In other words, according to Example $1$: $$1^3 +2^3 +3^3 +\ldots +n^3 = \frac{n^2 (n+1)^2}{4}.$$

Should: $$1^3 +2^3 +3^3 +\ldots +n^3 = \frac{n^2 (n+1)^2}{4}$$ not be: $$1^3 +2^3 +3^3 +\ldots +n^3 = \frac{n^3 +(n + 1)^3}{2^3}$$ as everything in the left-hand side is cubed?

Answer 1

No! Generally speaking, one shows by induction that $\,1^r+2^r+\dots+n^r\,$ has a closed form which is a polynomial in $n$ of degree $\color{red}{r+1}$.

Examples:

1. $1 +2 +\dots+n =\dfrac{n(n+1)}2$.
2. $1^2+2^2+\dots+n^2=\dfrac{n(n+1)(2n+1)}6$
3. $1^0+2^0+\dots+n^0=\underbrace{1+1++\dots+1}_{n \ \text{times}}=n$

and the formula you posted about. What you propose hasn't the required degree, so it can't be true.

Answer 2

Argument:

Every $k^3$ is the sum of $k$ consecutive odd numbers.
E.g.: $8 = 3+5$, $\quad 27 = 7+9+11$, $\quad 64 = 13+15+17+19$.

The sum of $n$ consecutive $k^3$ numbers, starting from $k = 1$, is the sum of
$n(n+1)/2$ consecutive odd numbers.

But the sum of a number of consecutive odd numbers is the square of that number.

Therefore, the sum of $n$ consecutive $k^3$ starting with $1$ is $[n(n+1)/2]^2$.

Elaboration:

It is well known that $k^2$ is the sum of $k$ consecutive odd numbers starting from $1$. But $k^3$, $k^4$, and $k^p$ generally, are also the sum of $k$ consecutive odd numbers. This is because $k$ numbers whose arithmetic mean is $k$ sum to $k^2$; $k$ numbers whose mean is $k^2$ sum to $k^3$, et cetera. What is unique about the sum of cubes is that it is a sum of consecutive odd numbers with no gaps and no repetitions. E.g., the sum of the first five cubes is:

$$\underbrace{1^3}_{1} +\underbrace{2^3}_{3+5} +\underbrace{3^3}_{7+9+11} +\underbrace{4^3}_{13+15+17+19} +\underbrace{5^3}_{21+23+25+27+29}.$$

Therefore the sum is a square. But what square? In summing the first five cubes we have summed the first $1+2+3+4+5 = 15$ odd numbers, giving us $15^2$. And $15$ is the fifth triangle number. Hence generally, the sum of the first $n$ cubes is the square of the $n$th triangle number, or $[n(n+1)/2]^2$, i.e. the square of the sum of the first $n$ integers.

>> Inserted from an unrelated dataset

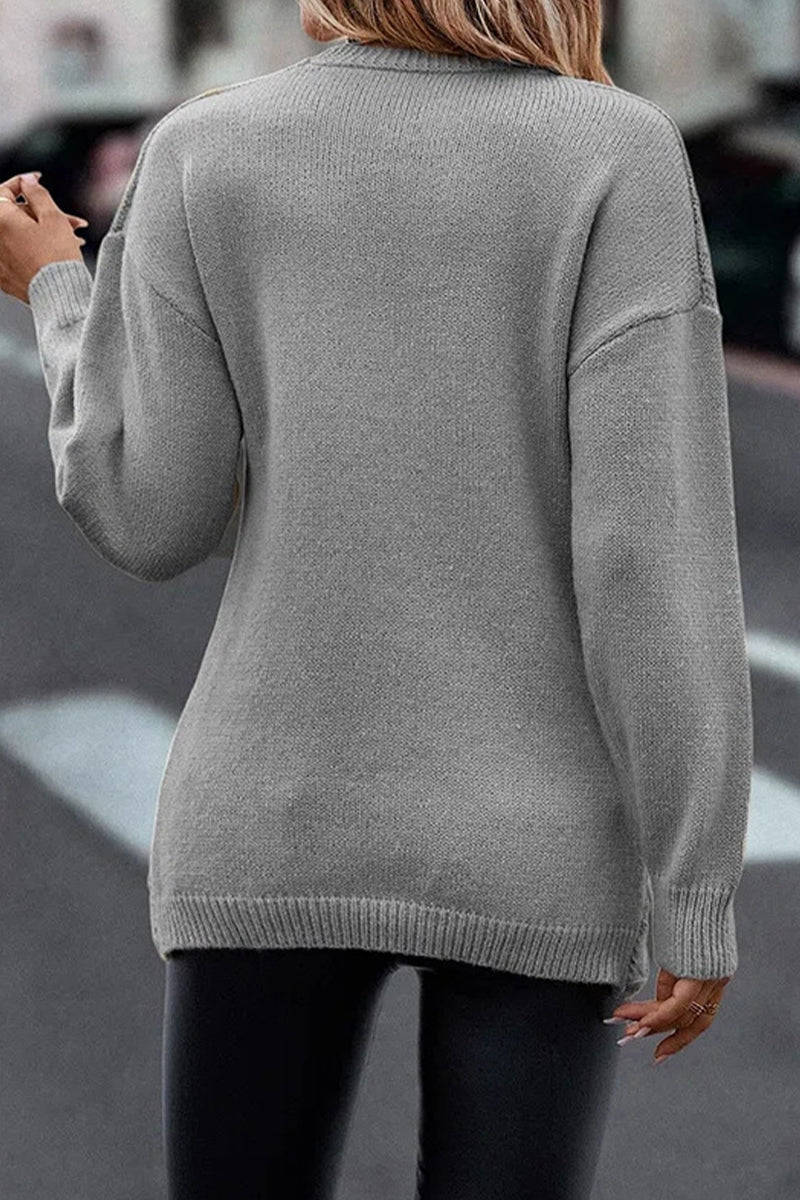 Gracefully Styled Top for Any Occasion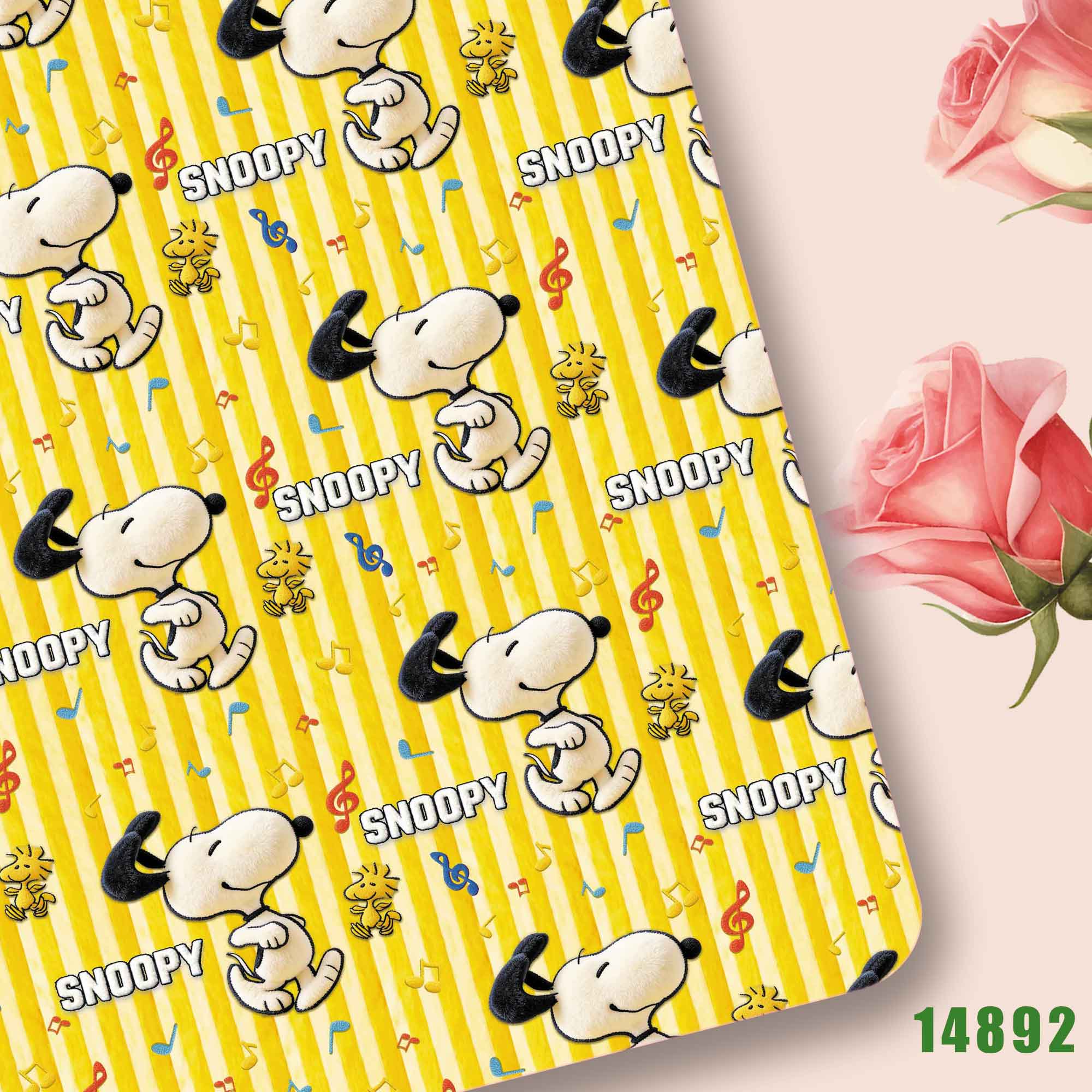 Tecido TAKARA TOMY Snoopy 140C - Sewing And Textile avaliação e preço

With sums of squares, there is repetition because all the sums of odd numbers start from $1$:

$$1^2 +2^2 +3^2 +4^2 = 1 +(1+3) +(1+3+5) +(1+3+5+7).$$

With fourth and higher powers there is no repetition, but there are gaps between the sets of odd numbers being summed:

$$1^4 +2^4 +3^4 +4^4 = 1 +(7+9) +(25+27+29) +(61+63+65+67).$$

Only sums of cubes are sums of consecutive odd numbers starting from $1$, and therefore have this special connection with squares.

Answer 3

Consider the infinite "multiplication table" array $M$ defined by $M_{i,j}=ij$

$M = \left[\begin{array}{r} 1 & 2 & 3 & 4 & 5 \\ 2 & 4 & 6 & 8 & 10 \\ 3 & 6 & 9 & 12 & 15 & \cdots\\ 4 & 8 & 12 & 16 & 20 \\ 5 & 10 & 15 & 20 & 25 \\ && \vdots &&& \ddots \end{array}\right]$

Let $L(n) = \{M_{i,j} : 1 \le i \le n \wedge j=n \} \cup \{M_{i,j} : i=n \wedge 1 \le j \le n \}$

be sum of the the _| shaped region consisting of all elements of $M$ whose first or second index is $n$ and whose other index is less than or equal to $n$. For example, the elements of $L(4)$ are shown below.

$M = \left[\begin{array}{r} 1 & 2 & 3 & \color{red}4 & 5 \\ 2 & 4 & 6 & \color{red}8 & 10 \\ 3 & 6 & 9 & \color{red}{12} & 15 & \cdots\\ \color{red}4 & \color{red}8 & \color{red}{12} & \color{red}{16} & 20 \\ 5 & 10 & 15 & 20 & 25 \\ && \vdots &&& \ddots \end{array}\right]$

It turns out that $L(1)=1,\; L(2)=8,\; L(3)=27,\; L(4)=64,$ and $L(5)=125$.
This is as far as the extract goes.